There in the ground His body lay
Light of the world by darkness slain
Then bursting forth in glorious Day
Up from the grave He rose again!

Today, we have the luxury of learning the story of Easter from the end to the beginning.  We celebrate the resurrection because we know He died on the cross three days prior; but, I take for granted the fact that there was a time when people didn't know that.  There was a time when Jesus was dead.  There was a time when Jesus was mourned for.  There was a time when Jesus was gone.  I can't understand that.  I can't emotionally grasp what that must have been like.  I never want to know that feeling, and I'm grateful I didn't have to endure it.

Instead, we have the immense privilege of remembering on Good Friday and not enduring.  We don't have to ever live without the knowledge that JESUS IS ALIVE and nothing will every change that.  And while we get distracted by the ham, the flowers, the egg hunts, and shiny shoes...let's not forget this weekend that we are so insanely blessed to live in this time and space where we can grasp the entire story of Easter and its true meaning.

As you're stuffing candy into little plastic eggs, as you're picking out your Sunday best, and as you're Pinteresting those last minute recipes, set aside a moment to slow down and remember the entirety of Easter.  It might take 40 images to get to the cross on google, but it only takes one prayer to transport me right back at the feet of Jesus.

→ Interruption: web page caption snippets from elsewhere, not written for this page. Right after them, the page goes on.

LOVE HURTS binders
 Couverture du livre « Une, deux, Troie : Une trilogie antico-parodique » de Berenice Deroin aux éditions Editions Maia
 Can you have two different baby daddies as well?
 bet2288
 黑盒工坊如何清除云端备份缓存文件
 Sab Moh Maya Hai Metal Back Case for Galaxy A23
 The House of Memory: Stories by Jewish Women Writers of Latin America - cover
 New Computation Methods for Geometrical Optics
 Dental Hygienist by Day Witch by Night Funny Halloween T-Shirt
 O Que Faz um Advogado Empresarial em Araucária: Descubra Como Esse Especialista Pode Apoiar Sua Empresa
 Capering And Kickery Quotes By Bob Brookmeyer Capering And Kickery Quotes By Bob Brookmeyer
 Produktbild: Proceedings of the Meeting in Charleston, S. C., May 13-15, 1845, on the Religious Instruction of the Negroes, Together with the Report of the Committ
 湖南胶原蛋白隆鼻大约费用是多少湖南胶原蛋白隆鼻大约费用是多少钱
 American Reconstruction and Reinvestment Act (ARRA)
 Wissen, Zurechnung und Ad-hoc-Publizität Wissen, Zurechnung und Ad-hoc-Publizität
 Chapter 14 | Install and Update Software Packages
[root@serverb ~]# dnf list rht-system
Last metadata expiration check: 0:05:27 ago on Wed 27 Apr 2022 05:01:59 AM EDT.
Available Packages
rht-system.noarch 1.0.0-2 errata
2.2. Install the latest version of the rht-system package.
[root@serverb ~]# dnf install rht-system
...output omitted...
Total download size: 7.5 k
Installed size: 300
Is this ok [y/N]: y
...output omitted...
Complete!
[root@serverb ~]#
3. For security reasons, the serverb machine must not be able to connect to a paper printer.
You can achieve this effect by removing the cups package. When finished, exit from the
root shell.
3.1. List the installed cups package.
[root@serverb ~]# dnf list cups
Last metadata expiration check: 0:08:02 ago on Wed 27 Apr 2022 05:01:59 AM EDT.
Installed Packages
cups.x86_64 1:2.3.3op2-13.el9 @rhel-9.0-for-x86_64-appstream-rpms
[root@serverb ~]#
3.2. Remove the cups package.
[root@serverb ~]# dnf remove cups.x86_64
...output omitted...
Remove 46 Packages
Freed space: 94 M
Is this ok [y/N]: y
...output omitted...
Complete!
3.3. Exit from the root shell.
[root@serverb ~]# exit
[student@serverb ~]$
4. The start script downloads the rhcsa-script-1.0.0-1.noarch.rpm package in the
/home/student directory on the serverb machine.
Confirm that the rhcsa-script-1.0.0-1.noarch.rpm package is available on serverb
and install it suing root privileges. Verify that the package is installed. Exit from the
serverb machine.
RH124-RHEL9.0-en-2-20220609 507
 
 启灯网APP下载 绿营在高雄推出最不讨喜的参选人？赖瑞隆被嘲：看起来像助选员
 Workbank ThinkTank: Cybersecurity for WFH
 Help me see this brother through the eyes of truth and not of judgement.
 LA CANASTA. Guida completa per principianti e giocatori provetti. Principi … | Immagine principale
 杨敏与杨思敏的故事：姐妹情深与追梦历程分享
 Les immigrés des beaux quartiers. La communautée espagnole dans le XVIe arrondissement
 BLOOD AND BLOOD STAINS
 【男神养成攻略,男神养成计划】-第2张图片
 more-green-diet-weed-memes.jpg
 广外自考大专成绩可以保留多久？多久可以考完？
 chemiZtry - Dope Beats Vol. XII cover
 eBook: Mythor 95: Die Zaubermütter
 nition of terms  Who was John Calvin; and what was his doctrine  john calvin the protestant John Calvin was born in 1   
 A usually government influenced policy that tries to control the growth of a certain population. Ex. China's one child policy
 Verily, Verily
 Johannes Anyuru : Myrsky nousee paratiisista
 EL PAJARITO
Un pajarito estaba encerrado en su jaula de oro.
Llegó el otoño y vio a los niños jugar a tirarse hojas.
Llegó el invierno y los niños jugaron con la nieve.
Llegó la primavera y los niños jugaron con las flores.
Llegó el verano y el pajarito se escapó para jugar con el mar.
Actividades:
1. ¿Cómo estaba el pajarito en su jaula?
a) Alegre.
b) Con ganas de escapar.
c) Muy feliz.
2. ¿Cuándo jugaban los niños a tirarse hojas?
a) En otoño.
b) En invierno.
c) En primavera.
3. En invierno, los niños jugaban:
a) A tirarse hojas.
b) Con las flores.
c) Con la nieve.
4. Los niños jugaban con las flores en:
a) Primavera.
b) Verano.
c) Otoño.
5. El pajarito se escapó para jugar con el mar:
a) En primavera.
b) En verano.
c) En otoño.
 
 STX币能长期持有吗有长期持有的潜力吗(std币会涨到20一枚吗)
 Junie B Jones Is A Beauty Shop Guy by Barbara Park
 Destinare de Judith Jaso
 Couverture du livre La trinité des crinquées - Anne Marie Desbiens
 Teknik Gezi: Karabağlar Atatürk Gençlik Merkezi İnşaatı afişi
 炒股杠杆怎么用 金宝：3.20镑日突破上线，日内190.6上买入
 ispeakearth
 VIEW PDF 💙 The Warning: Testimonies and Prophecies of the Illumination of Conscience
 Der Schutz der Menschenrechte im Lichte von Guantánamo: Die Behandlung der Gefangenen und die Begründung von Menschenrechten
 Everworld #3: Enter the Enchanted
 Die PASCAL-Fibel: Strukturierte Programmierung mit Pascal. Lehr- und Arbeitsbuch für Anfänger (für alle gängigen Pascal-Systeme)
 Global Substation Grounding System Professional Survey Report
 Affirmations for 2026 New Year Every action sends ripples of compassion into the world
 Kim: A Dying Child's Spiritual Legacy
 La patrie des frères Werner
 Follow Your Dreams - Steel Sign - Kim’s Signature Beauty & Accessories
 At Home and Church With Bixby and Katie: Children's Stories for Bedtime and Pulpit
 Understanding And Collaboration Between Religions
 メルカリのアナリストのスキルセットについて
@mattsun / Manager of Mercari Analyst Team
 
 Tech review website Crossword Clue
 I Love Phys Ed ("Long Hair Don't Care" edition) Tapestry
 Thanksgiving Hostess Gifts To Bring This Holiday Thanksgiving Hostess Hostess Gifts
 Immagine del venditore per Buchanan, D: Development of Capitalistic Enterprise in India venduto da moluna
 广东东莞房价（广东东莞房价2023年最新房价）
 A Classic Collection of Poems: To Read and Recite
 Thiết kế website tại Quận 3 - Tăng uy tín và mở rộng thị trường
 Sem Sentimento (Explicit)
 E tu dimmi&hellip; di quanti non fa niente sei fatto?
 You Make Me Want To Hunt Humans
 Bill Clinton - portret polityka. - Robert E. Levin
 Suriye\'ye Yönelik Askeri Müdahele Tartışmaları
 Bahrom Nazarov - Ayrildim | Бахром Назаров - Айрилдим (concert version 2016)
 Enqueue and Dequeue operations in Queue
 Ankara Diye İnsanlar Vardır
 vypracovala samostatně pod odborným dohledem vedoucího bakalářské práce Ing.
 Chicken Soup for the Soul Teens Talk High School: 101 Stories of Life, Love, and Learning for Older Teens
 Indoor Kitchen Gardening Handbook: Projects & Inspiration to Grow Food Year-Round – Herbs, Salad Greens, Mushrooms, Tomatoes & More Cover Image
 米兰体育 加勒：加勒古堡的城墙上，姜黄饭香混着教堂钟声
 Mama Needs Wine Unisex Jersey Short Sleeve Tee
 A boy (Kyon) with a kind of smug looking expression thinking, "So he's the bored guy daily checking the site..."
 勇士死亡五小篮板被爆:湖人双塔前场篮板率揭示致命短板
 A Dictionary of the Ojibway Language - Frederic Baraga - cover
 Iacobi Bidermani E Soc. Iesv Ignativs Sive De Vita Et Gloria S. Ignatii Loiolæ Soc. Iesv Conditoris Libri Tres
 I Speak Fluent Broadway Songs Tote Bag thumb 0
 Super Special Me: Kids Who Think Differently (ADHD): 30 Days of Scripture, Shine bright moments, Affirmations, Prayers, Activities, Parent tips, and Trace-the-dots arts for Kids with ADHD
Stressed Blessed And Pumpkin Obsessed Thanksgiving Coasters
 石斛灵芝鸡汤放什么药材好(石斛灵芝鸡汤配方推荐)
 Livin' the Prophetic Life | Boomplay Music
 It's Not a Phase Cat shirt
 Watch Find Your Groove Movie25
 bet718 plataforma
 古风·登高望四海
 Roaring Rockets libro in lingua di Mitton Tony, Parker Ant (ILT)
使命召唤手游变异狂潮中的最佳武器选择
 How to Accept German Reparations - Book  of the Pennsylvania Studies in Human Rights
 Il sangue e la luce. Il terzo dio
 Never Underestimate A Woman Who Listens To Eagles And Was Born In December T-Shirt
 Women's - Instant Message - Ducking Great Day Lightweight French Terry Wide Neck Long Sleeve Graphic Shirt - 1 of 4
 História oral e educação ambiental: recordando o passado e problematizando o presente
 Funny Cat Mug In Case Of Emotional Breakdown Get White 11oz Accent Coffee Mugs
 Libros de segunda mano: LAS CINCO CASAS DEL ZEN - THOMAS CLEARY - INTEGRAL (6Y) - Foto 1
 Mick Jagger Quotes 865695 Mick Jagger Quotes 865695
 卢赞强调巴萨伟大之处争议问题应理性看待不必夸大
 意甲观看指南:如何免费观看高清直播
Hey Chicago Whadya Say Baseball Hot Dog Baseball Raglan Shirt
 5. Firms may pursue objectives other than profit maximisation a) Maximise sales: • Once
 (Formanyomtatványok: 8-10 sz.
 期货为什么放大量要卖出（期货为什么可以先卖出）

Thank you, Jesus, for the cross.  Thank you for bearing what I can not.  Thank you for taking on the worst parts of me, the stuff I don't even realize, the stuff I never reveal, the stuff I can never admit.  Thank you for providing a way for me to know God, eternally.  Thank you for loving me unconditionally, choosing to endure every pain possible over letting me go.  Thank you for the grace you offer so freely and so undeservingly.  Keep me humble, God.  Keep me patient.  Keep me remembering.  Keep me present at Your feet.  Thank you for Easter.